### DATA SEGMENT

━━━━━━━━━━━━━━━━

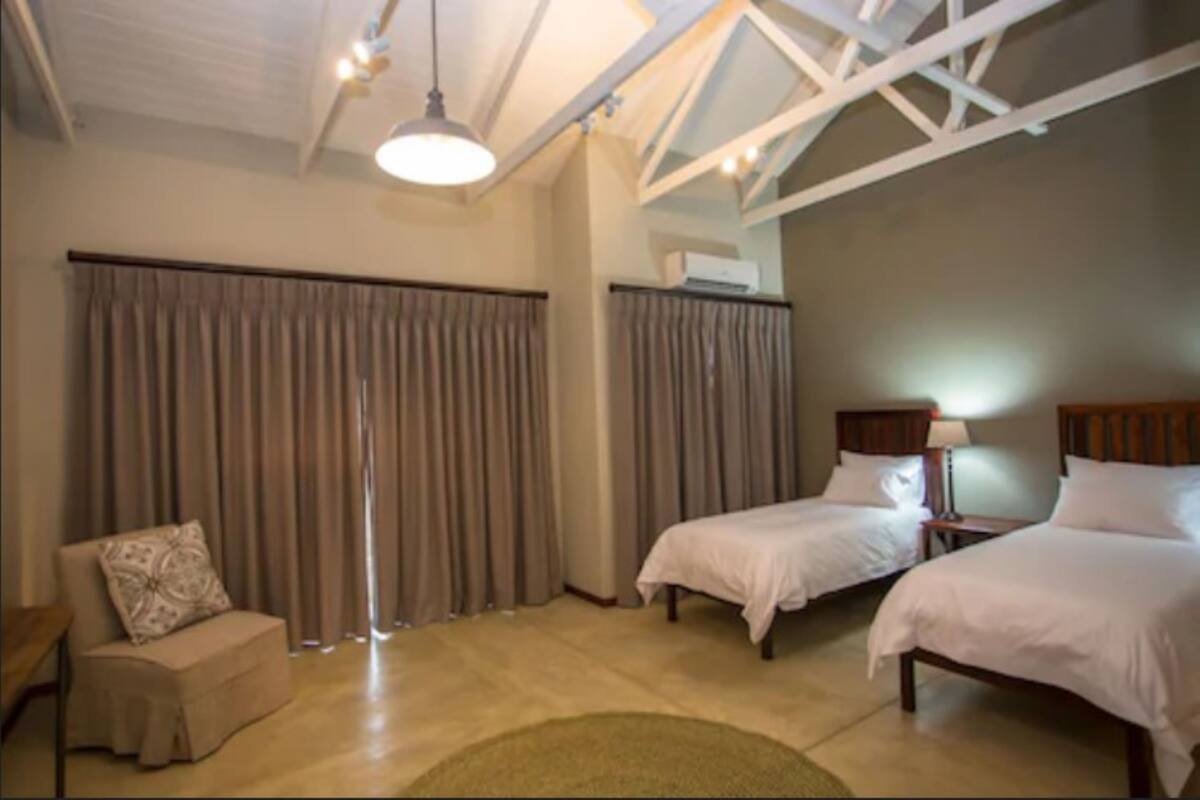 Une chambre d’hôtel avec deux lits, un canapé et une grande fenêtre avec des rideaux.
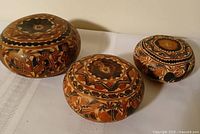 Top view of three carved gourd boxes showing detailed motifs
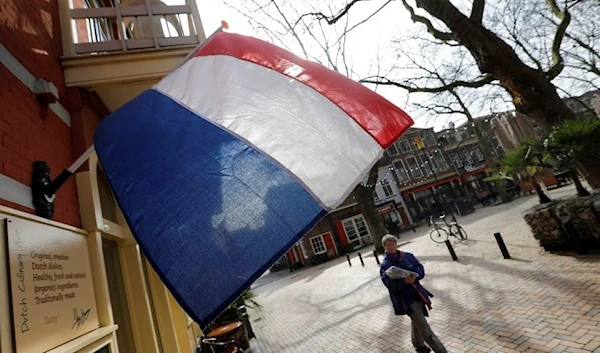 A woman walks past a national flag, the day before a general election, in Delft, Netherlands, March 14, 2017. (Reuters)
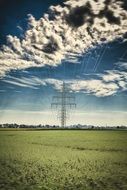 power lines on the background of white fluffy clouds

━━━━━━━━━━━━━━━━

### PROBLEM
Give the preceding data back exactly, minus every picture.

### ANSWER SPACE
 Une chambre d’hôtel avec deux lits, un canapé et une grande fenêtre avec des rideaux.
 Top view of three carved gourd boxes showing detailed motifs
 A woman walks past a national flag, the day before a general election, in Delft, Netherlands, March 14, 2017. (Reuters)
 power lines on the background of white fluffy clouds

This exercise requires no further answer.